I was sorting through some junk-mail this morning in search of some fodder for a new edition of Poet’s Corner, but instead of any sort of lyrical, poetic SPAM…I found this:
FROM: Ying Gee (email@example.com)
I hope my email meets you well. I am in need of your assistance. My name
Is Sgt. Joey Jones, I am an American soldier with Bravo Co., 1st Bn, Div in
IRAQ for the United States, we have about $25,000.000,00 that is in our
Possession and we are ready to move it out of the country.
The money, which is now in the custody of a Security Company, is part of the
Money we seized from late Saddam Hussein, but were not declared.
Right now I am in the Baghdad trying to sort out things with the Security
Company to ensure a smooth and unhindered transfer of the money to you,
therefore be assured that the transfer is safe and risk free.
My colleague and I need a good partner someone we can trust to actualize
this Venture, but we are moving it through diplomatic means to your house
directly Or a safe and secured location of your choice using a shipping company, but
can we trust you? Once the funds get to you, you take your 40% out and keep
our own 60%.
If you are interested I will furnish you with more details,
Awaiting your response, my contact is e-mail(firstname.lastname@example.org)
Sgt. Joey Jones
Gee, I don’t know about the rest of y’all but I’m convinced.
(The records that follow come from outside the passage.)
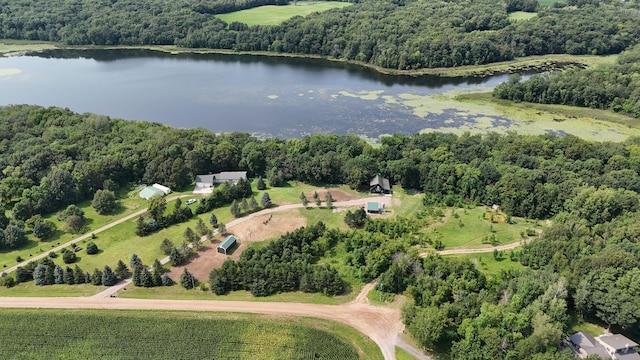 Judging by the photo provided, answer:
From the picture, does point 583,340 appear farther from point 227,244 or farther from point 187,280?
point 187,280

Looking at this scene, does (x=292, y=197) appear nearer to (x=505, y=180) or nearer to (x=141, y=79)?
(x=505, y=180)

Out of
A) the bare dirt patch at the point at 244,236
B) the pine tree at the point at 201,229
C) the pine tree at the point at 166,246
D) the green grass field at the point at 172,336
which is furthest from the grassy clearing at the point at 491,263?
the pine tree at the point at 166,246

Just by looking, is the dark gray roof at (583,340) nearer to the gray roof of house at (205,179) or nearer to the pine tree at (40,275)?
the gray roof of house at (205,179)

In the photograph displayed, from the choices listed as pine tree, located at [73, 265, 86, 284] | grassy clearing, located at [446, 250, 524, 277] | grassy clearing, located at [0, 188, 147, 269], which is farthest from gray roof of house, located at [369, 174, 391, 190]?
pine tree, located at [73, 265, 86, 284]

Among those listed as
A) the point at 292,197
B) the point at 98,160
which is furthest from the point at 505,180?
the point at 98,160

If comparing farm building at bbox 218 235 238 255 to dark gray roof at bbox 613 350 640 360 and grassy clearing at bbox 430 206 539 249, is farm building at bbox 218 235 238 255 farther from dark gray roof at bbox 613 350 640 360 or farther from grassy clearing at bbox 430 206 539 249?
dark gray roof at bbox 613 350 640 360

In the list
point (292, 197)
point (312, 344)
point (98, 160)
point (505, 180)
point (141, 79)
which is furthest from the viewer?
point (141, 79) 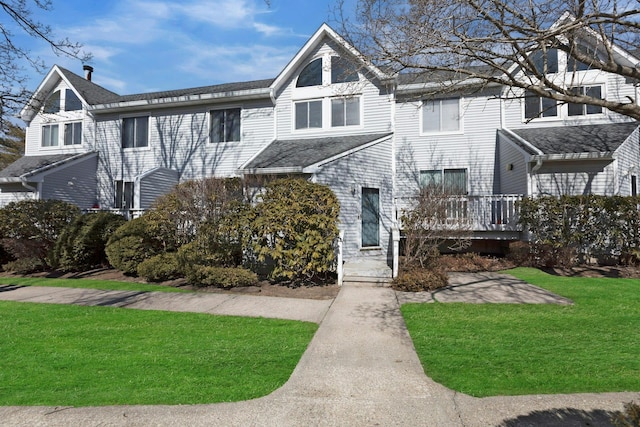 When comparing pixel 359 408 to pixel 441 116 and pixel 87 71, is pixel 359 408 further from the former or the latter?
pixel 87 71

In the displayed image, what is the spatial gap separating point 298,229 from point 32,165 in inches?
572

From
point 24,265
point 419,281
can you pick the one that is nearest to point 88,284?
point 24,265

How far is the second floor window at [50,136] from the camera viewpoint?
1825cm

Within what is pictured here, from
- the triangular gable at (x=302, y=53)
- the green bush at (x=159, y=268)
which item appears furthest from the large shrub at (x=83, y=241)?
the triangular gable at (x=302, y=53)

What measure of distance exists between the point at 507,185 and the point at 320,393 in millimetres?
12678

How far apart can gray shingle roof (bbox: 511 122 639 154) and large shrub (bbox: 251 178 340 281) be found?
7.96 metres

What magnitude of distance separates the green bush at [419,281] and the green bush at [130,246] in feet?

I mean come on it’s clearly from a proud American soldier. I mean you can’t just say you’re a soldier…what kind of prick would do that?!
Clearly this is on the up-and-up…a soldier wouldn’t lie to me, right?!
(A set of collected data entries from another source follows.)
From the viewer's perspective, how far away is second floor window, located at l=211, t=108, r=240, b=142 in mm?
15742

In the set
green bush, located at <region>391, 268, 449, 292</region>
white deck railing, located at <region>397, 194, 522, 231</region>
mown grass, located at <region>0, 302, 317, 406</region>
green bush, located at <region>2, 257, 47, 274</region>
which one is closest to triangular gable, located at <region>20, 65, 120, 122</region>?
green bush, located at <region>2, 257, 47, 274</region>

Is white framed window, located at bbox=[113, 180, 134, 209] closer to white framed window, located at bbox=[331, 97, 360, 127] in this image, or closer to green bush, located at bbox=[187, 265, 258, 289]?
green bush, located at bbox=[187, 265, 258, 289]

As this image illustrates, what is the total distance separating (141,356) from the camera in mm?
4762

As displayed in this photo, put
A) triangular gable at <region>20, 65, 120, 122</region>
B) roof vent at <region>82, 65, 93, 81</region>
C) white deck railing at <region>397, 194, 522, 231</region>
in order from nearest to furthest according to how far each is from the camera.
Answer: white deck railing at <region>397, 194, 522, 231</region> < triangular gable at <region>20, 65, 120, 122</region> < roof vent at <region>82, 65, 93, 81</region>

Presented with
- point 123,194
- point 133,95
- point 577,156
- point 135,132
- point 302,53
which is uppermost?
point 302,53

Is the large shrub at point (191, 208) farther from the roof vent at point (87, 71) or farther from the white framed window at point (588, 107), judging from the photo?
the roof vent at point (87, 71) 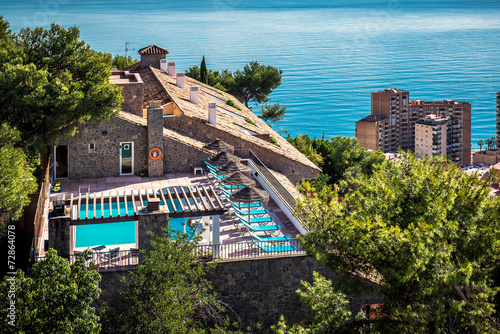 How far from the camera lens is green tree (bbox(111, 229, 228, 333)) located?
58.2 ft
Anyone out there want to join me to help “actualize this Venture?”
…no?! …no takers?! …really?!
Weird…I could have sworn there’d be a whole slew of people who wanted to help divvy up 40% of $25,000.000,00 an amount that appears to be twenty-five thousand dollars and a litany of unnecessary zeroes, but hey I’m not a mathematician or accountant by any means. I’m sure Sgt. Joey Jones knows what he’s talking about. He is, after all, a soldier with an email address at “live.com.” If it gets more legit than that I’ve yet to encounter it.
No way I can pass up a deal THIS good, right?! I mean…what are the odds I’d find something totally legitimate like this in my junk-mail folder. Talk about lucky!!
So if any of y’all change your mind and decide that you’d like to join me in this money-making endeavor—you know where to find me…and apparently, so does Sgt. Joey Jones.